Dashboard Anti-Patterns

  • 50 panels on one screen — information overload
  • Dashboards no one looks at — if it is not reviewed weekly, delete it
  • Static thresholds that never change — tune alerts as baselines shift

Best Practices

  • Instrument before you need it — adding metrics during an incident is too late
  • Use percentiles, not averages — averages hide outliers; p95 and p99 tell the real story
  • Correlation IDs everywhere — tie logs, metrics, and traces to a single request ID
  • Alert on symptoms, not causes — “users cannot check out” is better than “CPU is high”
  • Review alerts quarterly — remove noise, tune thresholds, consolidate duplicates
  • Test your runbooks — a runbook that has not been tested in 6 months is probably wrong

Common Mistakes

  • Alerting on every possible failure mode — alert fatigue kills response quality
  • Not having a “canary” metric — deploy a change and watch a single golden metric
  • Ignoring baseline shifts — if p99 drifts from 100ms to 300ms over a month, investigate before it becomes an incident
  • Dashboards without owners — someone must own and maintain each dashboard
  • No post-incident metric review — after every incident, ask “what metric would have caught this earlier?”

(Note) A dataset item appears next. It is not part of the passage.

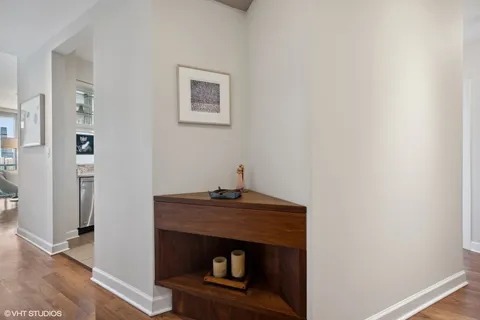 a room with a fireplace and a wooden floor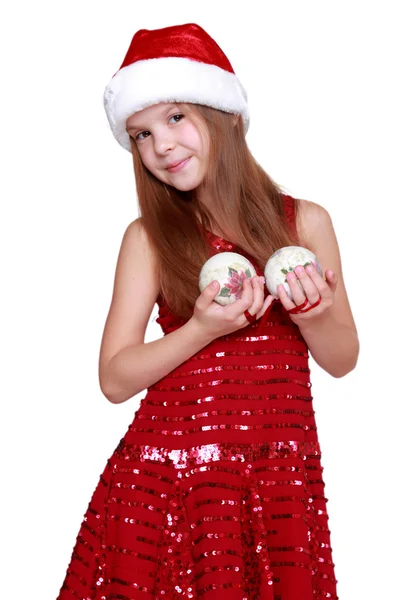 Little girl in Santa hat on Holiday theme — Stock Photo, Image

Frequently Asked Questions

Should I build my own monitoring or buy a SaaS?

Buy until it is a strategic differentiator. Prometheus + Grafana is free but requires expertise. Datadog/New Relic cost money but work immediately. Start with SaaS; move to self-hosted only if costs justify the operational overhead.

What is the difference between monitoring and observability?

Monitoring asks known questions (“is CPU high?”). Observability enables asking unknown questions (“why is this user experiencing 5-second latency?”). Monitoring is a subset of observability. You need both.

How many alerts should a service have?

3-5 critical alerts (pages), 5-10 warnings (tickets), unlimited info (logs/dashboards). More than 10 critical alerts means you are alerting on symptoms, not user impact.